Goran Ćakić

Mega Basket
- Title: General manager
- League: Adriatic League Basketball League of Serbia

Personal information
- Born: 21 May 1980 (age 45) Belgrade, SR Serbia, SFR Yugoslavia
- Nationality: Serbian
- Listed height: 2.09 m (6 ft 10 in)
- Listed weight: 109 kg (240 lb)

Career information
- NBA draft: 2002: undrafted
- Playing career: 1998–2013
- Position: Power forward

Career history
- 1998–2000: Beobanka
- 2000–2001: BKK Radnički
- 2002: Budućnost Podgorica
- 2002–2003: Crvena zvezda
- 2003–2004: Partizan
- 2004: SLUC Nancy
- 2004–2006: Apollon Patras
- 2006–2009: Khimik
- 2009: Azovmash
- 2009–2010: Banvit
- 2010: Mega Vizura
- 2010: Scavolini Pesaro
- 2010–2011: Trabzonspor
- 2011–2012: Astana
- 2012–2013: Mega Basket

= Goran Ćakić =

Serbian basketball player and executive

Goran Ćakić (born 21 May 1980) is a Serbian professional basketball executive and former player. He is currently working as a General Menager in Mega Basket.

== Playing career ==

Before starting his professional career, Ćakić played for Prele Basket and Crvena zvezda in the younger categories, with which he became the national junior champion.
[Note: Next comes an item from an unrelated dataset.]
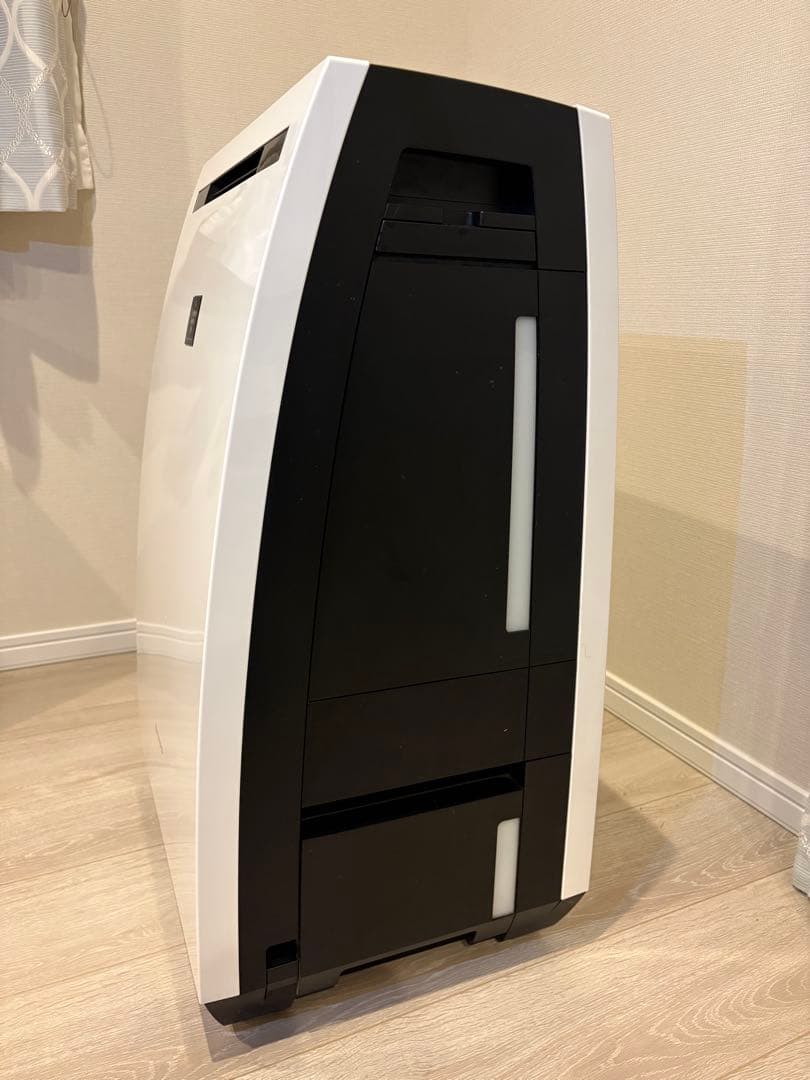 【SHARP】 除湿加湿空気清浄機 プラズマクラスター　KC-HD70-W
He began his professional career in 1998, when he played for Beobanka in the YUBA League. He wore the team's jersey for two seasons, and in the second season, he also played in the playoffs with Beobanka.

In the 2000/2001 season, he wore the jersey of BKK Radnički, and the following season, he played for Budućnost Podgorica in the EuroLeague. In the 2002/2003 season, he became a member of Crvena zvezda, with which he reached the semifinals of the YUBA League. He spent the 2003/2004 season with their eternal rival, Partizan, and after that, Ćakić began his international career, playing in France, Greece, Ukraine, Turkey, Italy, and Kazakhstan for teams such as SLUC Nancy, Apollon Patras, Khimik, Azovmash, Banvit, Scavolini Pesaro, Trabzonspor, and Astana.
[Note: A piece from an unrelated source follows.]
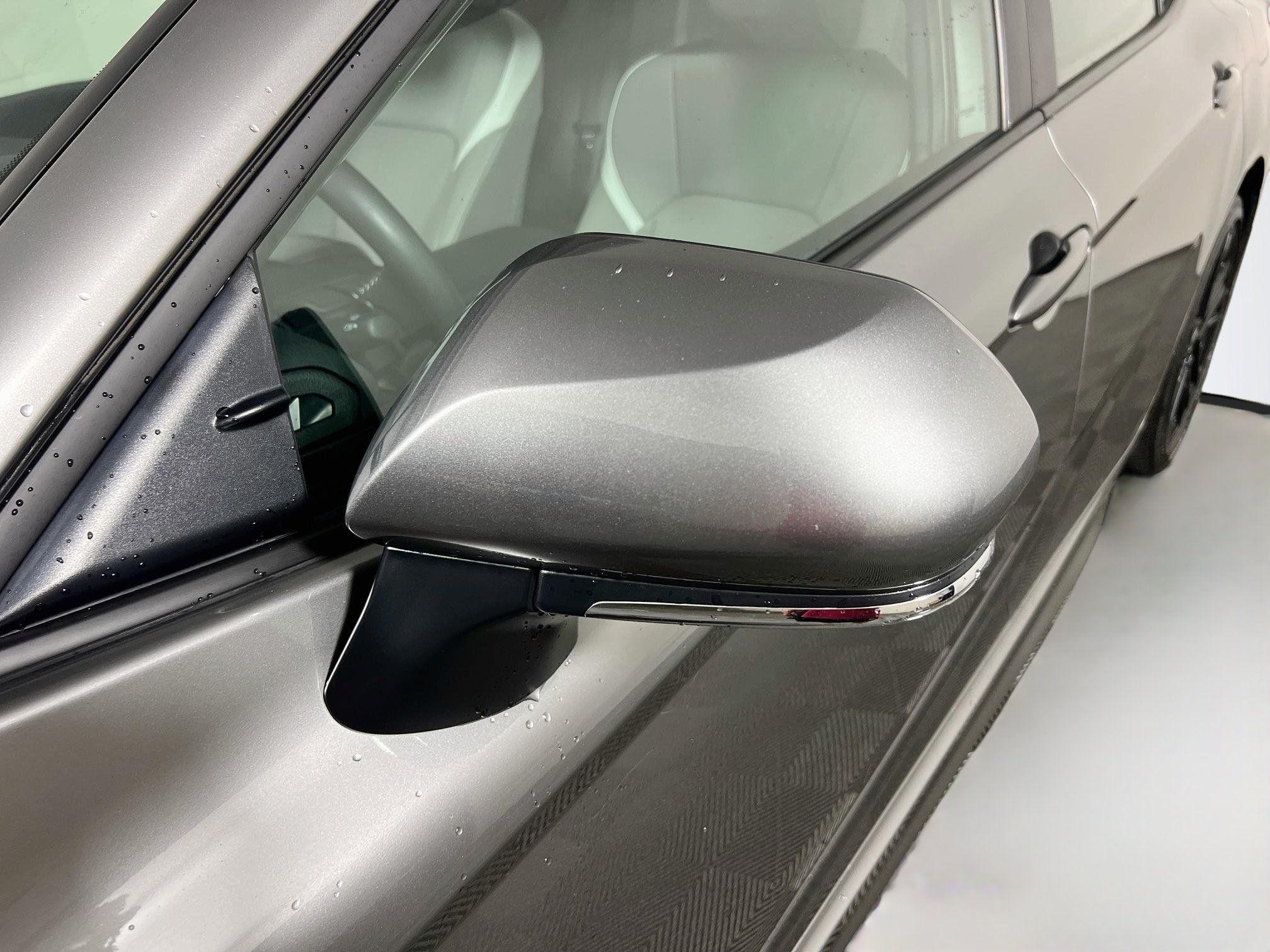 Used 2025 Toyota Camry SE FWD image 12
Ćakić was selected to play at 2000 Nike Hoop Summit in Indianapolis. He represented Serbia at University games in 1999 where he won silver and 2001 where he won gold medal. He was also member of Serbian U20 team at FIBA Europe Under-20 Championship in 2000.

== Post-playing career ==
After the end of his playing career, Ćakić served as the team manager for Mega Basket in the 2013/2014 season.

===Executive career===
Since 2014, Ćakić has become the General Manager of the team. That very year, Nikola Jokić, Vasilije Micić, and Nemanja Dangubić were selected in the NBA draft, and Mega became recognized as a club where young players develop. Later, Rade Zagorac, Timothé Luwawu-Cabarrot, Ivica Zubac, Vlatko Čančar, Ognjen Jaramaz, Alpha Kaba, Goga Bitadze, Marko Simonović, Filip Petrušev, Karlo Matković, Nikola Jović, and the most recent addition, Nikola Đurišić, also made their way to the NBA.

As the General Manager of the team, Ćakić has won one National Cups in 2016 and finished in second place in the Adriatic League the same year.

Since 2013, Ćakić has been a member of the Executive Board of the KLS and a member of the General Assembly of the Adriatic League.

From 2022 to 2024, he served as the vice president, and in the season 2024/2025, he became the president of the Adriatic League as a representative of his club Mega Vizura .

In 2022, the junior team of Mega became European champions in their age group by winning the Euroleague Basketball Next Generation Tournament.